Home

Awesome

serverless-parquet-repartitioner

A AWS Lambda function for repartitioning parquet files in S3 via DuckDB queries.

Requirements

You'll need a current v3 version installation of the Serverless Framework on the machine you're planning to deploy the application from.

Also, you'll have to setup your AWS credentials according to the Serverless docs.

Install dependencies

After cloning the repo, you'll need to install the dependencies via

$ npm i

Configuration

You can customize the configuration of the stack by setting some configuration values. Open up the serverless.yml file, and search for TODO in your IDE. This will point you to the places you need to update according to your needs.
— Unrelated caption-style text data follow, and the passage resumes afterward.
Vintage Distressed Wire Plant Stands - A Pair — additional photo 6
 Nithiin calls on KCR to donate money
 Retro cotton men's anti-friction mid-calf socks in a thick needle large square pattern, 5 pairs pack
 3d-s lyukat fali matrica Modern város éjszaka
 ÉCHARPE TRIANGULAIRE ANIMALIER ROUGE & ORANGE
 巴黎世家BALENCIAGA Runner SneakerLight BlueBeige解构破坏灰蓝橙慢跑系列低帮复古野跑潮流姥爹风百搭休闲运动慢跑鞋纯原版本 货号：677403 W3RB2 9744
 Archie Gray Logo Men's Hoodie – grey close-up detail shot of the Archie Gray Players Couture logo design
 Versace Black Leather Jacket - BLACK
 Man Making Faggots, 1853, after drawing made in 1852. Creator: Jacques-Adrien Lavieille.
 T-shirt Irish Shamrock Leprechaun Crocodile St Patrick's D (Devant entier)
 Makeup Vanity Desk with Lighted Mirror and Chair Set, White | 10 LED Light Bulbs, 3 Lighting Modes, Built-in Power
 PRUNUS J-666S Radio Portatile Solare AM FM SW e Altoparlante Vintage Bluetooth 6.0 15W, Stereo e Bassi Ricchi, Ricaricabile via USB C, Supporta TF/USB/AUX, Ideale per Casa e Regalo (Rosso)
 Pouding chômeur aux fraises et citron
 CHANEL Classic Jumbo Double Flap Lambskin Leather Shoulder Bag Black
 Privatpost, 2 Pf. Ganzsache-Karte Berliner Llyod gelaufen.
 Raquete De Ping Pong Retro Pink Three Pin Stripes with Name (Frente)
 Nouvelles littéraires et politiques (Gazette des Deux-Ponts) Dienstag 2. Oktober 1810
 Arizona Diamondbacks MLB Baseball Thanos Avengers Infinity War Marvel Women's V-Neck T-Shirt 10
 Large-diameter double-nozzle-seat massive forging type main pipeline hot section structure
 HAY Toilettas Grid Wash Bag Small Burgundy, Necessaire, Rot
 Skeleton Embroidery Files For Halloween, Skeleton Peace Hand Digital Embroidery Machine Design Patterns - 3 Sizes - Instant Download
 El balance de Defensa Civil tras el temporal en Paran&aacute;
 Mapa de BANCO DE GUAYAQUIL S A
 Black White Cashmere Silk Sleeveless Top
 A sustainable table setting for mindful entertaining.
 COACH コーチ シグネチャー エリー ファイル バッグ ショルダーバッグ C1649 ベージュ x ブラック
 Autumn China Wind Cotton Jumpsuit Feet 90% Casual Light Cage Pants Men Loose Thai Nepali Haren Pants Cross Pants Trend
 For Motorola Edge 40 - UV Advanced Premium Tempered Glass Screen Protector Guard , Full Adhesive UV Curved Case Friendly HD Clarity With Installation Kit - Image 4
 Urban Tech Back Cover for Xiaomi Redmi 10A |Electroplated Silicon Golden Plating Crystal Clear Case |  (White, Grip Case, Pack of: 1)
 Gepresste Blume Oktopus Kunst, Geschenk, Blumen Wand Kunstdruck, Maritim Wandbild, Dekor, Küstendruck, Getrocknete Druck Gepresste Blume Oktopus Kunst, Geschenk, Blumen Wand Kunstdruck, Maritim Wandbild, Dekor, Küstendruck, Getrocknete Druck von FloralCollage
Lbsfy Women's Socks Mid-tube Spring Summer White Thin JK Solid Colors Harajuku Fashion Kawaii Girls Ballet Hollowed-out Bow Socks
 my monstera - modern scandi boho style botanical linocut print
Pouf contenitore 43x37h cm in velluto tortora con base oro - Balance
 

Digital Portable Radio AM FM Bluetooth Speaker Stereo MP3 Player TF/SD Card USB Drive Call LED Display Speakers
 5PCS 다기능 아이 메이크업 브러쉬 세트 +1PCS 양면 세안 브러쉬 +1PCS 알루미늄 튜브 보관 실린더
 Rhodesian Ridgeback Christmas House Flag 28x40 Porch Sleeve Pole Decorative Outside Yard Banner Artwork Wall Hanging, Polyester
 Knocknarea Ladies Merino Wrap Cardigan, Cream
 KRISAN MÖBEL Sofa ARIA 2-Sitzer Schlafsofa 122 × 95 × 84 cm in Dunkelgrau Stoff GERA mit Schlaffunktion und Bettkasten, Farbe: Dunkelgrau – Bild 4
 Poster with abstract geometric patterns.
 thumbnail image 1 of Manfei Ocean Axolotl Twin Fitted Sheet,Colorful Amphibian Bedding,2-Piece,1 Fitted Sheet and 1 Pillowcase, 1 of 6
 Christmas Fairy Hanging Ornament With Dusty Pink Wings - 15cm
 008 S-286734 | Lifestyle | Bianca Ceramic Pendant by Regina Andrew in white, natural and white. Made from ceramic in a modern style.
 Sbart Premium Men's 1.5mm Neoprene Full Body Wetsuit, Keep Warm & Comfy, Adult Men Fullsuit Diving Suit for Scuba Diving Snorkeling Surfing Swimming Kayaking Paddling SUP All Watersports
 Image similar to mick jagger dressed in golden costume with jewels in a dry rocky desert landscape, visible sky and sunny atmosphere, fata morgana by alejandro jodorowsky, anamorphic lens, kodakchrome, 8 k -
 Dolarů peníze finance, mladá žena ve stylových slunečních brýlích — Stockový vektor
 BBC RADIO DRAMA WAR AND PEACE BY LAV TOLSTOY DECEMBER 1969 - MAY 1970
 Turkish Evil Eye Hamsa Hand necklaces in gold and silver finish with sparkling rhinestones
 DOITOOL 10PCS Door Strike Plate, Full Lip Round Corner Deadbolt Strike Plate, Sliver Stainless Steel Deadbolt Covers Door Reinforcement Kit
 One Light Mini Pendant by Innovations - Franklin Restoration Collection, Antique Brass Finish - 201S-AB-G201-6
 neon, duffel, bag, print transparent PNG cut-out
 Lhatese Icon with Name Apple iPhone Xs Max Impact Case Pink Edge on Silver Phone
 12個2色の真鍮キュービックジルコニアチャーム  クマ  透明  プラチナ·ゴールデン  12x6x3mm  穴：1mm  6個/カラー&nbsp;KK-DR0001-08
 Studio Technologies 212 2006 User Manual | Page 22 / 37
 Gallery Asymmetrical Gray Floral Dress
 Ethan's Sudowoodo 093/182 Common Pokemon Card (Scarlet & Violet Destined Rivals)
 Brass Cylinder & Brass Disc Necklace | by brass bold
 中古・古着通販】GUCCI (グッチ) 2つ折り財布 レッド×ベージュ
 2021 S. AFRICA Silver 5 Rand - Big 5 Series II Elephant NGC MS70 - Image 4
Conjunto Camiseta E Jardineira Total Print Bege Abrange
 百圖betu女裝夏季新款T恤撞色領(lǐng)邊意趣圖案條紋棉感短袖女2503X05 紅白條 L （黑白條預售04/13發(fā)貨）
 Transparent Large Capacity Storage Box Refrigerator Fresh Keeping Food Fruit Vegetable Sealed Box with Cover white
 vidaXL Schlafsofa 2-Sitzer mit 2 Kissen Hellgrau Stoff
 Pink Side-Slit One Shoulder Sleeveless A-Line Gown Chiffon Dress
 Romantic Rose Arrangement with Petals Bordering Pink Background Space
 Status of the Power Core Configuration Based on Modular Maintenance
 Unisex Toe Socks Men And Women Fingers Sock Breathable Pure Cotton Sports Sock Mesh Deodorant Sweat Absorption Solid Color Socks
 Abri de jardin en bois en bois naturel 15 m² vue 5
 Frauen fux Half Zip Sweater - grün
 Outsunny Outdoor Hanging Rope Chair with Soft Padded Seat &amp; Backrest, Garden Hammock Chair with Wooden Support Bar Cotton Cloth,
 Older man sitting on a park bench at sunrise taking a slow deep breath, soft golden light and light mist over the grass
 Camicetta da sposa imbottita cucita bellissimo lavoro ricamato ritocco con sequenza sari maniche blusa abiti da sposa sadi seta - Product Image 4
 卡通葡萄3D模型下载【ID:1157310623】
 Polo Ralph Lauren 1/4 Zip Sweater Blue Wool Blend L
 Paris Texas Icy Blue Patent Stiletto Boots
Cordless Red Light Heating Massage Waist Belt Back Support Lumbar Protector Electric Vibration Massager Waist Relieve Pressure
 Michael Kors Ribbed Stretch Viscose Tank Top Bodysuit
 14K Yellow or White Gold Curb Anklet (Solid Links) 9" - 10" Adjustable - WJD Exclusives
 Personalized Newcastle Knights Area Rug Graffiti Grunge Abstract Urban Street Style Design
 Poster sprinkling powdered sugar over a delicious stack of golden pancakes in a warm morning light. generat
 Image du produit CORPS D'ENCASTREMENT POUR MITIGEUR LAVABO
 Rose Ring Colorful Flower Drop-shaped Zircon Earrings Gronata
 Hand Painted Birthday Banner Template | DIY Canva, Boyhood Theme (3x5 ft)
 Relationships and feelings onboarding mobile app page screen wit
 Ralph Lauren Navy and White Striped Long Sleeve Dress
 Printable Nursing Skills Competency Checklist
Mandatory configuration settings

Optional configuration settings

Using different source/target S3 buckets

If you're planning to use different S3 buckets as source and target for the data repartitioning, you need to adapt the iamRoleStatements settings of the function.

Here's an example with minimal privileges:

iamRoleStatements:
  # Source S3 bucket permissions
  - Effect: Allow
    Action:
      - s3:ListBucket
    Resource: 'arn:aws:s3:::my-source-bucket'
  - Effect: Allow
    Action:
      - s3:GetObject
    Resource: 'arn:aws:s3:::my-source-bucket/*'
  # Target S3 bucket permissions
  - Effect: Allow
    Action:
      - s3:ListBucket
      - s3:ListBucketMultipartUploads
    Resource: 'arn:aws:s3:::my-target-bucket'
  - Effect: Allow
    Action:
      - s3:PutObject
      - s3:AbortMultipartUpload
      - s3:ListMultipartUploadParts
    Resource: 'arn:aws:s3:::my-target-bucket/*'

A query for this use case would look like this:

COPY (SELECT * FROM parquet_scan('s3://my-source-bucket/input/*.parquet', HIVE_PARTITIONING = 1)) TO 's3://my-starget-bucket/output' (FORMAT PARQUET, PARTITION_BY (column1, column2, column3), ALLOW_OVERWRITE TRUE);

Deployment

After you cloned this repository to your local machine and cd'ed in its directory, the application can be deployed like this (don't forget a npm i to install the dependencies!):

$ sls deploy

This will deploy the stack to the default AWS region us-east-1. In case you want to deploy the stack to a different region, you can specify a --region argument:

$ sls deploy --region eu-central-1

The deployment should take 2-3 minutes.

Checks and manual triggering

You can manually invoke the deployed Lambda function by running

$ sls invoke -f repartitionData

After that, you can check the generated CloudWatch logs by issueing

$ sls logs -f repartitionData

If you don't see any DUCKDB_NODEJS_ERROR in the logs, everything ran successfully, and you can have a look at your S3 bucket for the newly generated parquet files.

Costs

Using this repository will generate costs in your AWS account. Please refer to the AWS pricing docs before deploying and running it.